DenGro needed to make sure that tasks were actioned so the conversion loop was closed.

To combat these two flaws, a redesign of the interface was proposed - a wizard style interface would be introduced, one which asked the user to complete an action before being able to move to the next step of the conversion process and by answering those questions in turn, moving their lead through the conversion process.

This method also provided much more data and insight about each stage of the conversion process.

User Journey Flows

Closed user flows were a great idea, but with multiple responses per question, could very quickly become a complicated sequence of logic.

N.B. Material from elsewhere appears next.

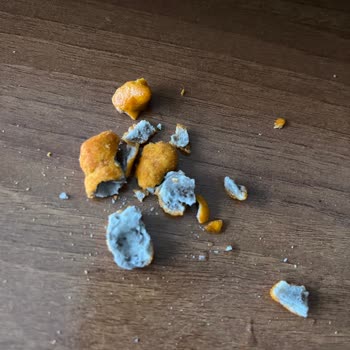 A101den Aldığım Soslu Fıstık Cips Bozuk Çıktı Sağlığım Riske Girdi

The following image shows the logic flow for the initial question posed to users for the dental treatment, Invisalign.

 
 
 

Outcome

The reengineered product was released to the BETA test group and very quickly provided more solid user and consumer results, with conversion loops closed and users suggesting the redesigned interface was superior to the last.

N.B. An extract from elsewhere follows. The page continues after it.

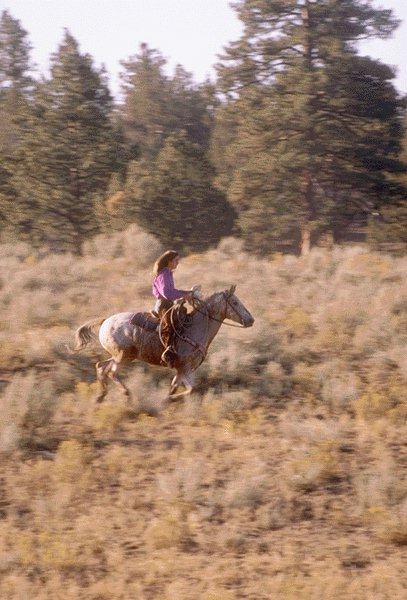 [LadyCowboy-Running-Horse-15410088.jpg]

With a sound product, DenGro was released from BETA to the wider dental industry. 

Project Learnings

I've taken away a great deal of learning from this project, the main points being:

  • We understood that we had to make the product as simple as possible, but we had assumed that users would actually want to, or remember to complete tasks. This wasn’t always the case. Creating the ‘wizard’ style interface made it fool-proof.

  • We could have overcome this reengineering stage by creating a high-fidelity prototype, one which truly replicated every part of the initial process.

  • What a user says they will do and what a user actually does can be two completely different things!

Product Success

  • DenGro was awarded ‘High Technology Launch of the Year’ and shortlisted for ‘Innovation of the Year’ by the Dental Industry in 2018/19.

  • DenGro currently has a customer base of over 500 practices in the UK.